Not a terrible idea at all, but I moved to this boat specifically so that I can get 10-12 knots when I want it...
 
I don't know Cummins well, but there are new and used aftercoolers on ebay.

Check www.alibaba.com
Many Cummins parts and some complete engines are made in China. Probably why the long wait.
 
Not a terrible idea at all, but I moved to this boat specifically so that I can get 10-12 knots when I want it...

I had to bypass an after cooler a few tears ago for about one month. The 6C after cooler adds about 15% of the last HP as turbo boost climbs above 15 psi or so.

By keeping your boost low, monitor the EGTs and shoot each cylinder exhaust with an IR gun you should be easily able to keep the one engine running ok. Especially with the other engine as a template for comparison. Consult with SBar for the rationale of AC bypass as a check.

What are your thoughts as to the reasons for pitting and corrosion on the housing? A possibility is the PO doing an in place acid cleaning. Arcs idea on welding the housing is another SBar check, maybe they've done it before.
 
I had to bypass an after cooler a few tears ago for about one month. The 6C after cooler adds about 15% of the last HP as turbo boost climbs above 15 psi or so.

By keeping your boost low, monitor the EGTs and shoot each cylinder exhaust with an IR gun you should be easily able to keep the one engine running ok. Especially with the other engine as a template for comparison. Consult with SBar for the rationale of AC bypass as a check.
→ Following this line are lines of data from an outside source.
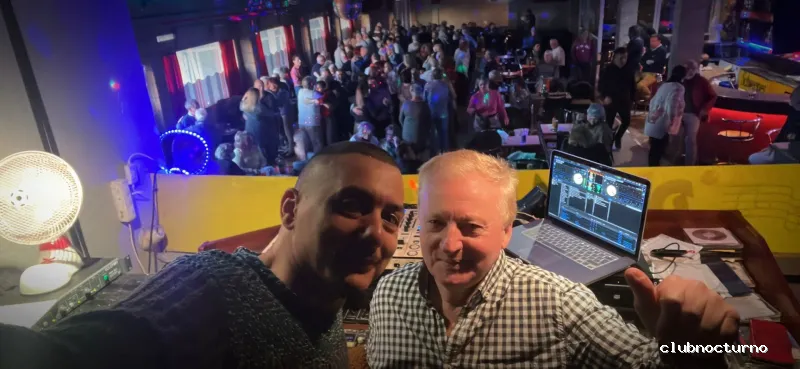 Salsa Costas Salón de Baile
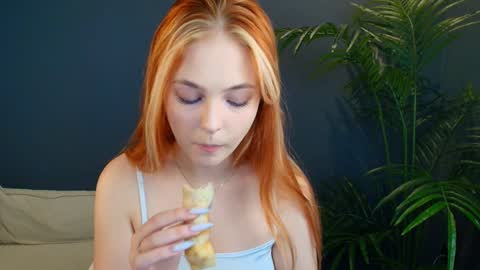 Snapshot of jolly_bean chatting on 01/15/25, 05:40 Polly  online show from 01/15/25, 05:40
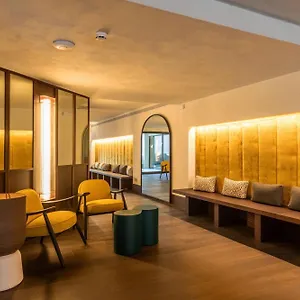 https://onix-fira.topbarcelonahotels.com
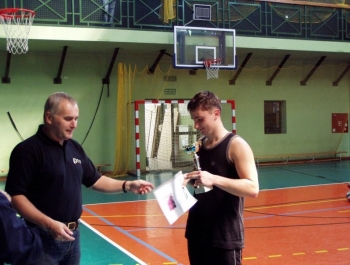 OFICJALNE WYNIKI VIII JESIENNEGO TURNIEJU DZIKICH DRUŻYN W PIŁCE SIATKOWEJ O PUCHAR BURMISTRZA MIASTA ŻYWCA- 02.09.2007 ROK - zdjęcie 8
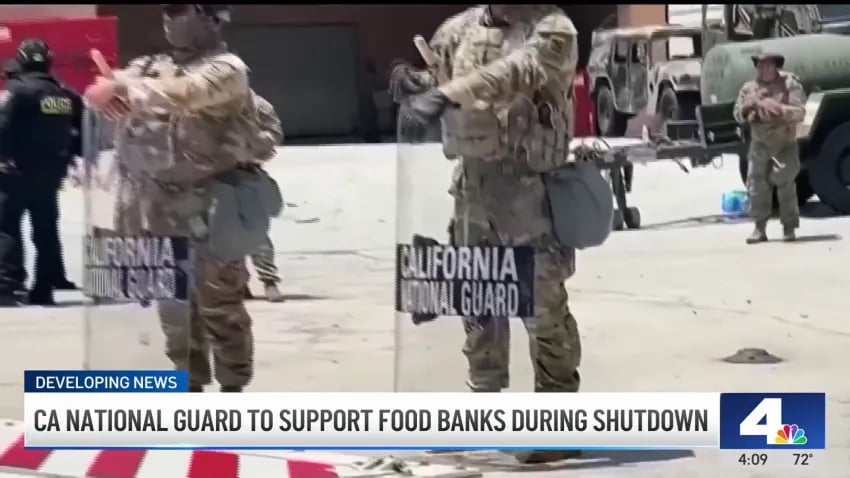 InfosFrancaises's tweet image. 🇺🇸 Shutdown : le blocage budgétaire s’éternise aux États-Unis et les salaires de milliers de fonctionnaires restent toujours bloqués.
Plus de 700.000 fonctionnaires fédéraux sont déjà au chômage technique dans tout le pays sans rémunération.
L’économie se voit ralentie, et de…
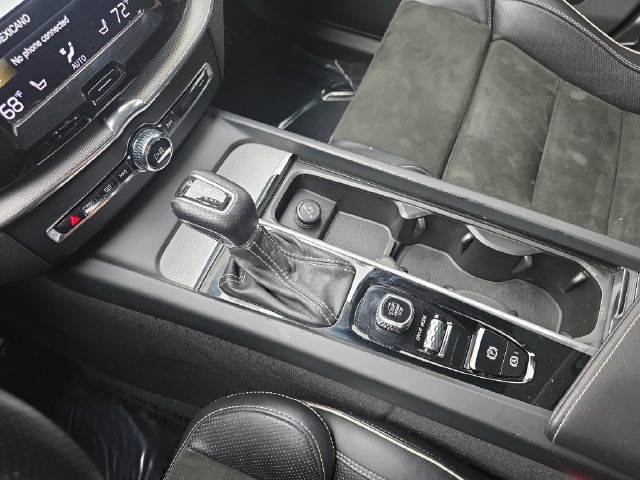 Used 2018 Volvo XC60 T6 R-Design w/ Convenience Package AWD/4WD image 25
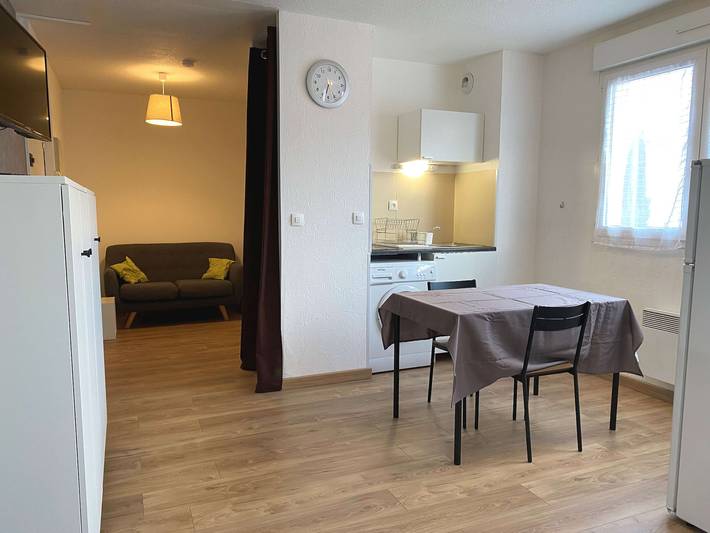 Gîte pour 2 personnes, avec balcon, animaux acceptés dans Thermes Athéna - 2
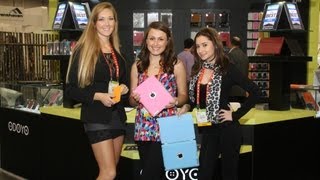 Professional Trade Show Models and Convention Models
What are your thoughts as to the reasons for pitting and corrosion on the housing? A possibility is the PO doing an in place acid cleaning. Arcs idea on welding the housing is another SBar check, maybe they've done it before.
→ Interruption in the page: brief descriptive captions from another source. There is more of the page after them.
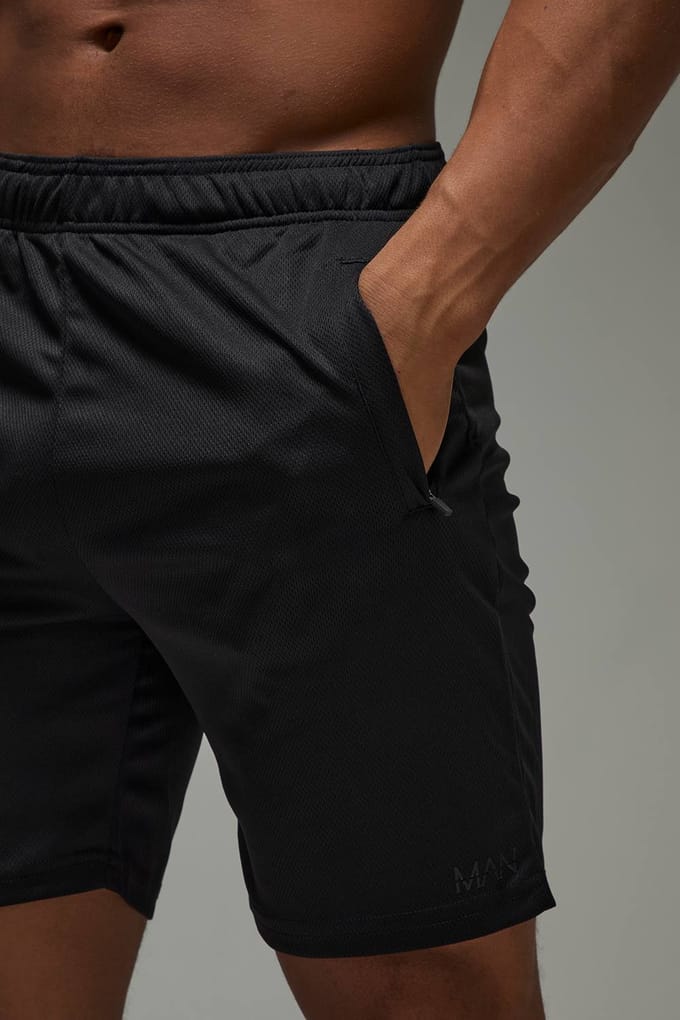 Man Active Zip Pockets 7inch Basic Training Short | Black | Size XS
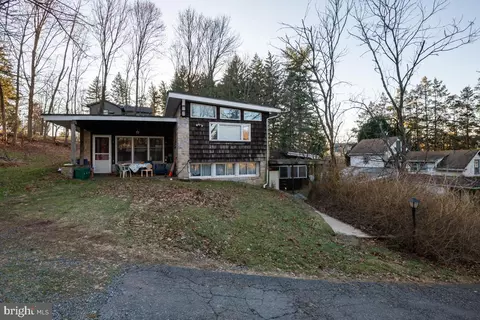 Exterior - 701 E Neversink Rd, Reading, PA 19606 photo 6 of 7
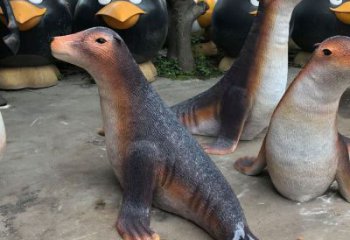 白下園林海豹雕塑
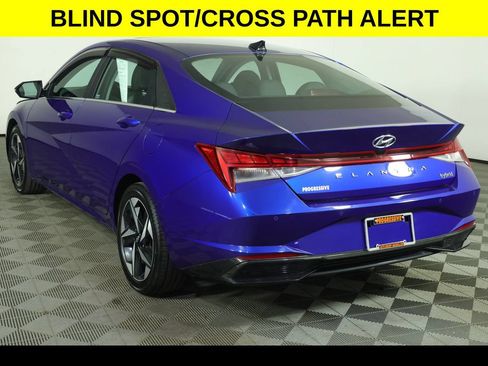 Used 2023 Hyundai Elantra Limited FWD image 8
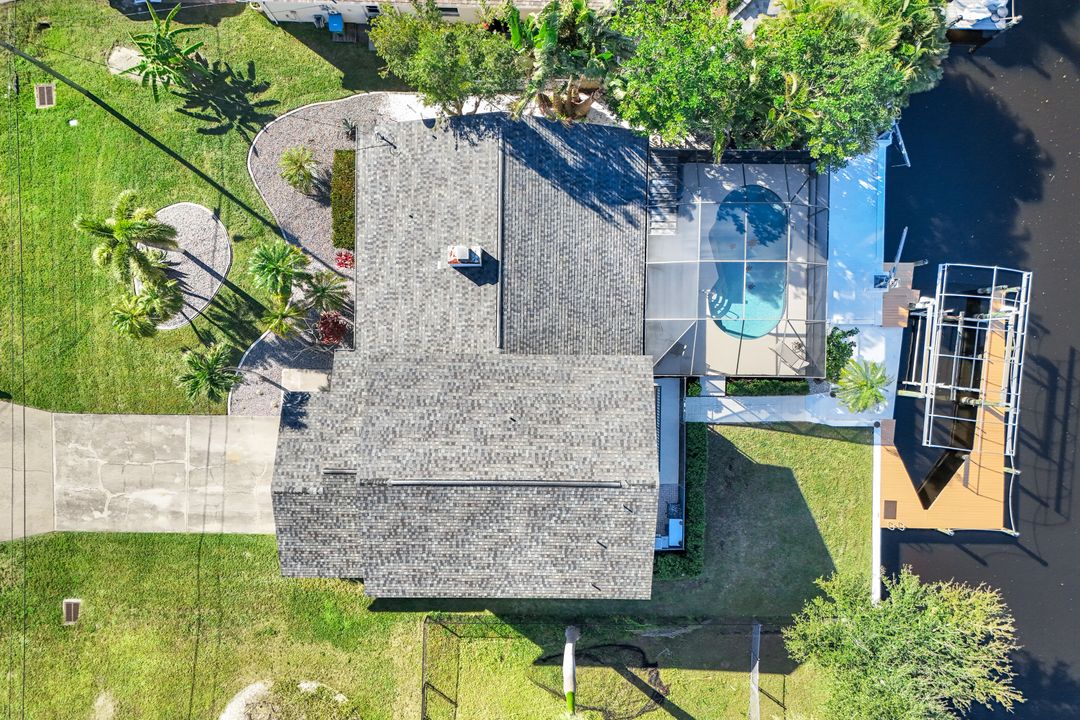 2215 SE 15th St, Cape Coral, FL 33990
Well, I only have the one engine. The pitting and corrosion I suspect is from lack of maintenance and attention from the PO on a 25 year old AC. It is possible it was over zealously cleaned at some point. In the records there was some corrosion reference of the AC and HX about 10 years ago. I have fixed it for the future in two ways, first I disassemble and relube (with Tony's ALCO metal lube) AC/HX every two years, not a terrible job once you pull them out. Second, I put SBMARs SMX freshwater flush caps on the groco strainers. This is new for me, so I am very interested to see how it works over time.
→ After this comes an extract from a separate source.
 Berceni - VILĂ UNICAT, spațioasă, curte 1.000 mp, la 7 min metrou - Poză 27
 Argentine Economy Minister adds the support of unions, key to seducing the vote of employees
I will ask SBMAR about the welding option, but they didn't mention during my last call to them.


Thx

 
I put SBMARs SMX freshwater flush caps on the groco strainers. This is new for me, so I am very interested to see how it works over time.




I'm lucky, Tony and SBMAR are my neighbors. I added fresh water flush to both my Diamond 450's three years ago. They still look new inside. Just changing zincs at this point. I flush EVERY time I run the engines.
 
I'm lucky, Tony and SBMAR are my neighbors. I added fresh water flush to both my Diamond 450's three years ago. They still look new inside. Just changing zincs at this point. I flush EVERY time I run the engines.


This is great to hear. Do you just connect a FW hose and run it for a few minutes? I heard caution might be needed with pressurized water, so I was considering a gravity feed of about 5 gallons FW after each use.